**Task**
Reproduce the full listing below exactly. Do not include the pictures.

**Data segment**
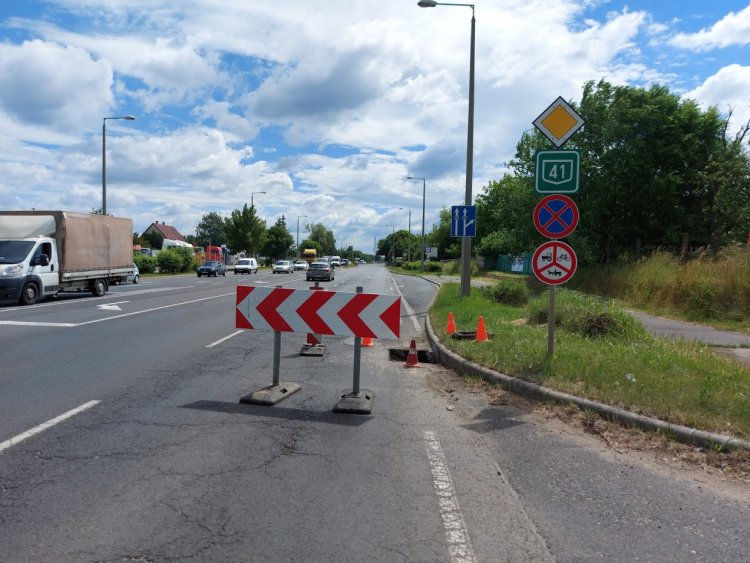 A város több pontján is a csapadékelvezető rácsok szintbehelyezését végzik a szakemberek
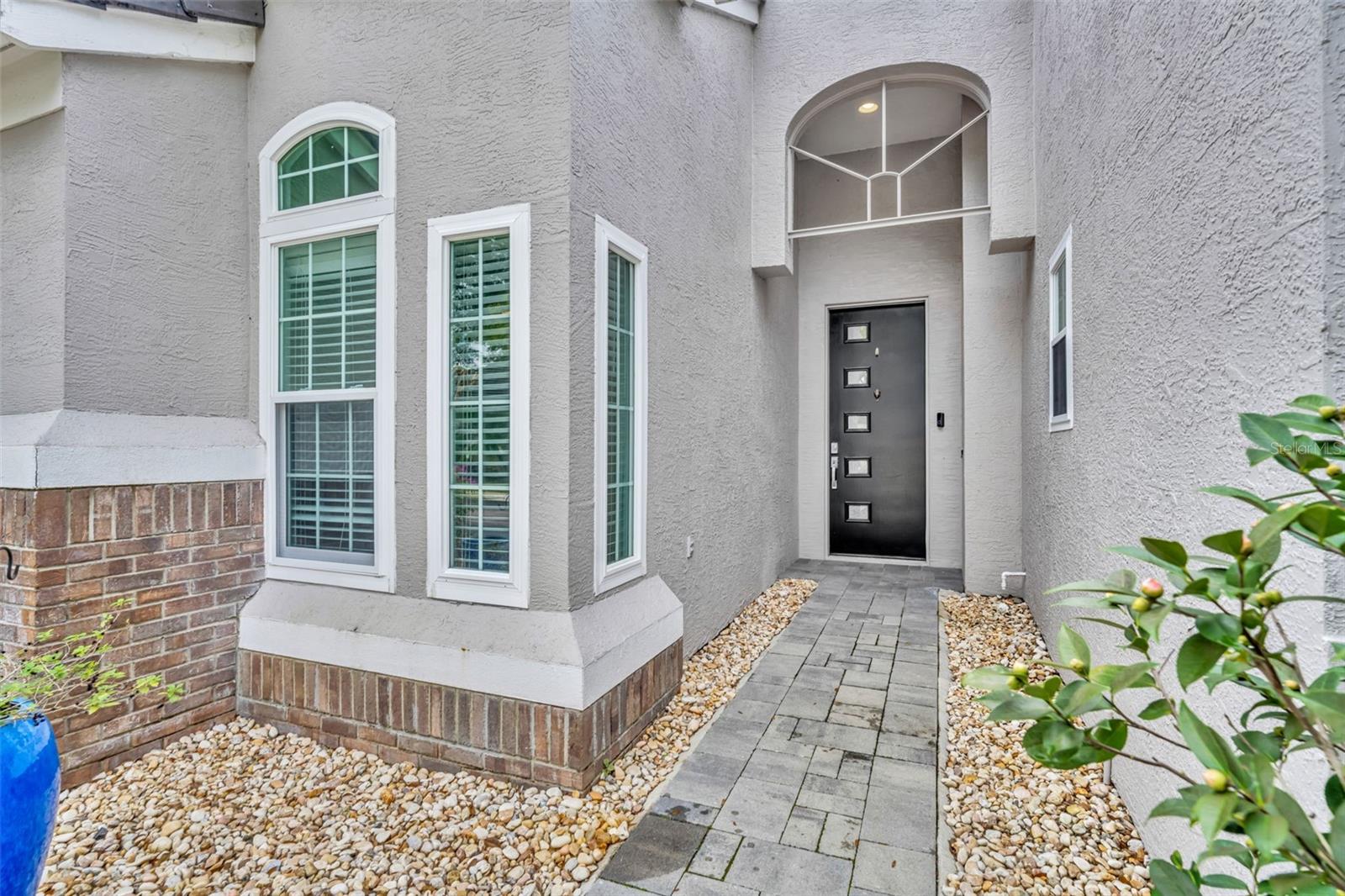 Image 7 of 52 For 196 Wimbledon Circle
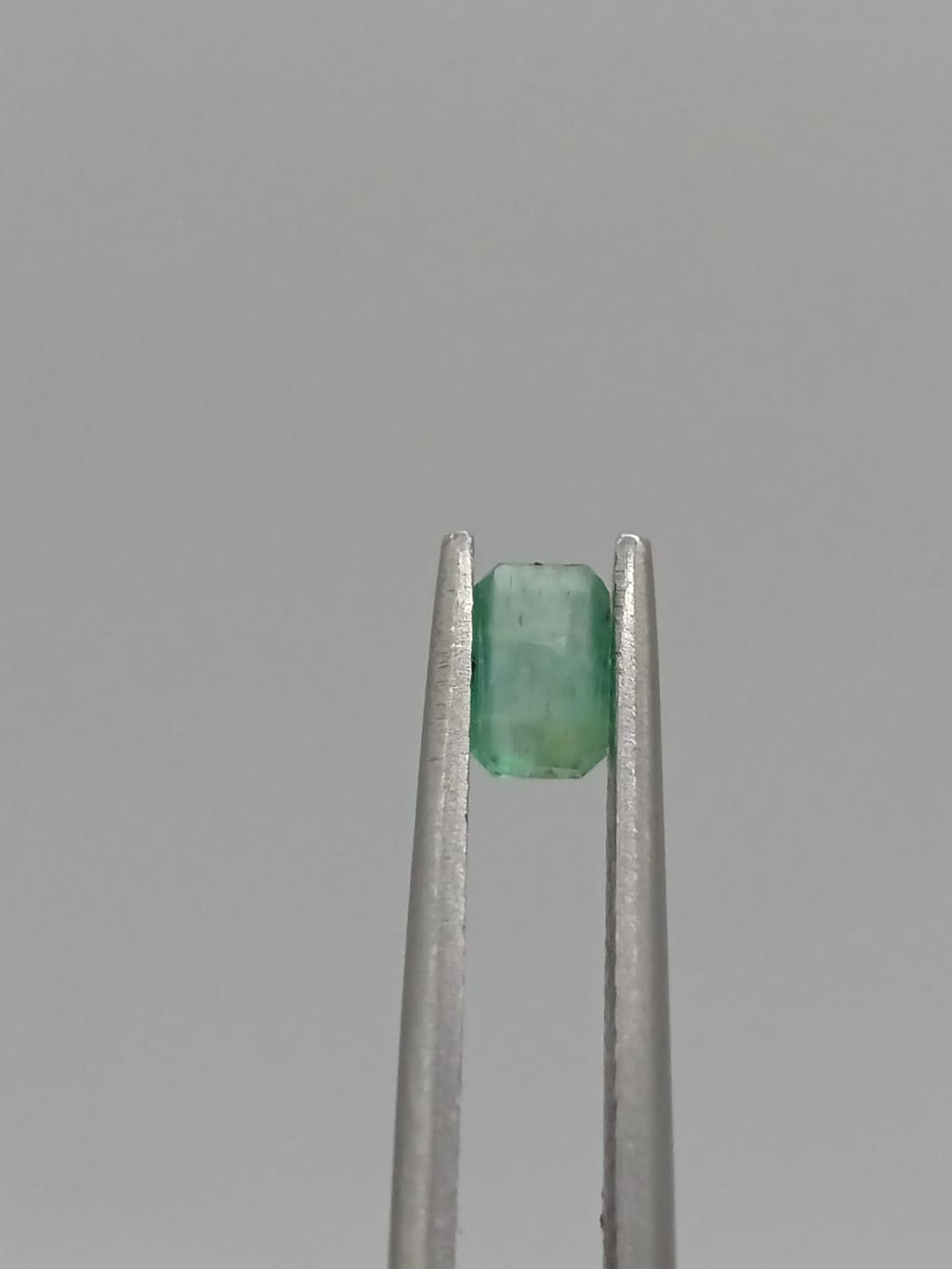 Esmeralda brasileña rectangular de 0.30ct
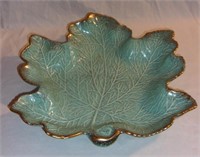 Retro pottery leaf centerpiece.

**Answer box**
 A város több pontján is a csapadékelvezető rácsok szintbehelyezését végzik a szakemberek
 Image 7 of 52 For 196 Wimbledon Circle
 Esmeralda brasileña rectangular de 0.30ct
 Retro pottery leaf centerpiece.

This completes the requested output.